Aligns meta-information of the current instance with the corresponding data frame in the getML Engine.

RETURNS	DESCRIPTION
`View`	Updated handle the underlying data frame in the getML
`View`	Engine.

Source code in getml/data/view.py

def refresh(self) -> View:
    """Aligns meta-information of the current instance with the
    corresponding data frame in the getML Engine.

    Returns:
            Updated handle the underlying data frame in the getML
            Engine.

    """
    self._base = self.__dict__["_base"].refresh()
    return self

to_arrow

to_arrow() -> Table

Creates a pyarrow.Table from the view.

Loads the underlying data from the getML Engine and constructs a pyarrow.Table.

RETURNS	DESCRIPTION
`Table`	Pyarrow equivalent of the current instance including
`Table`	its underlying data.

Source code in getml/data/view.py

def to_arrow(self) -> pa.Table:
    """Creates a `pyarrow.Table` from the view.

    Loads the underlying data from the getML Engine and constructs
    a `pyarrow.Table`.

    Returns:
            Pyarrow equivalent of the current instance including
            its underlying data.
    """
    return to_arrow(self)

to_arrow_stream

to_arrow_stream() -> Iterator[RecordBatchReader]

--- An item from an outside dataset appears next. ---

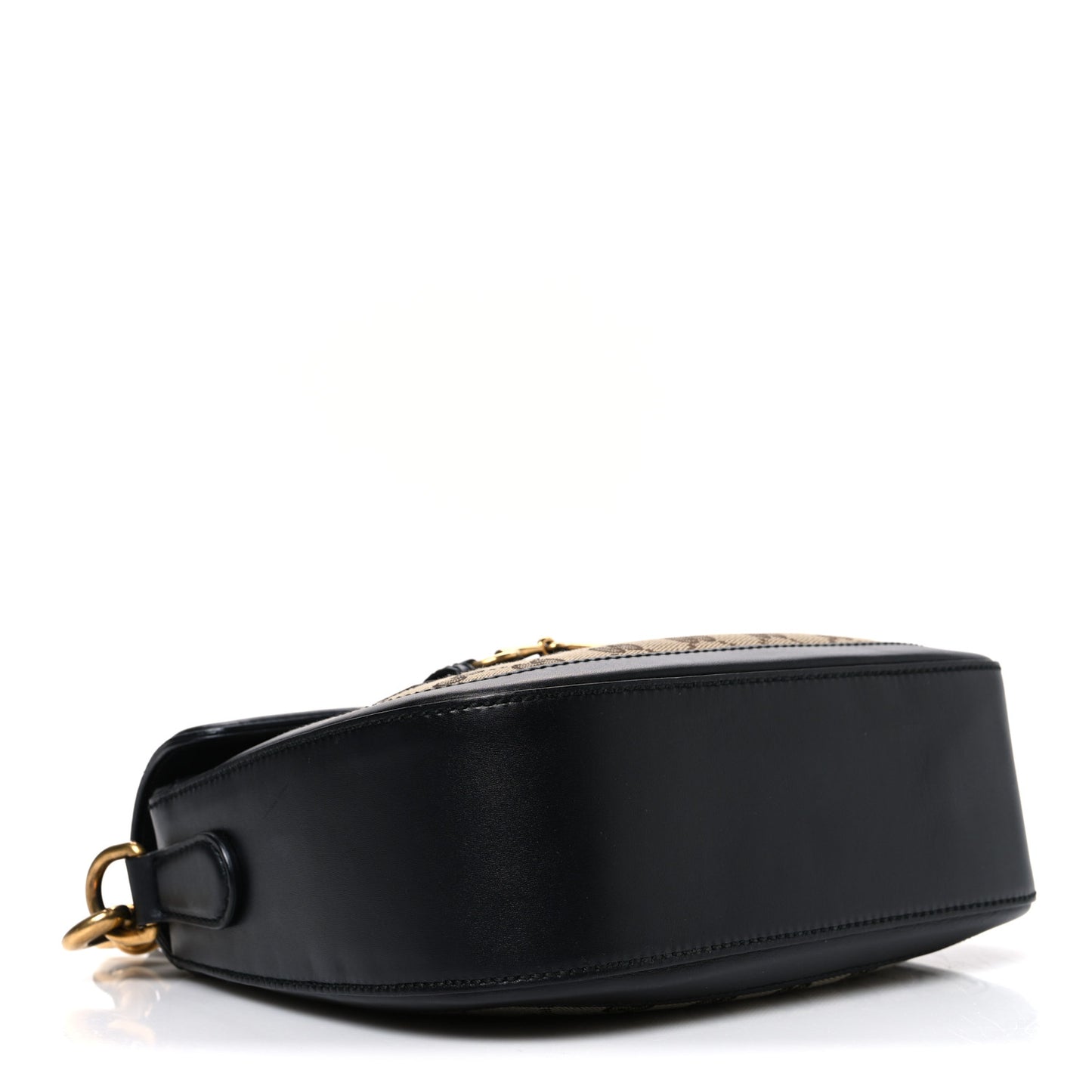 Monogram Ruinart Calfskin Medium Lady Web Shoulder Bag Beige Ebony Black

Streams the view as an Apache Arrow pa.RecordBatchReader.

This method provides a way to access the view as an Apache Arrow stream. Apache Arrow is a cross-language development platform for in-memory data that specifies a standardized language-independent columnar memory format. Using to_arrow_stream allows for efficient, zero-copy (or near zero-copy) data exchange with other systems that support Arrow, such as DuckDB, Pandas, Polars, and various data processing engines.

The method is a context manager (used with a with statement). This ensures that any underlying resources associated with the stream, such as network connections or temporary files, are properly initialized when entering the with block and cleaned up when exiting.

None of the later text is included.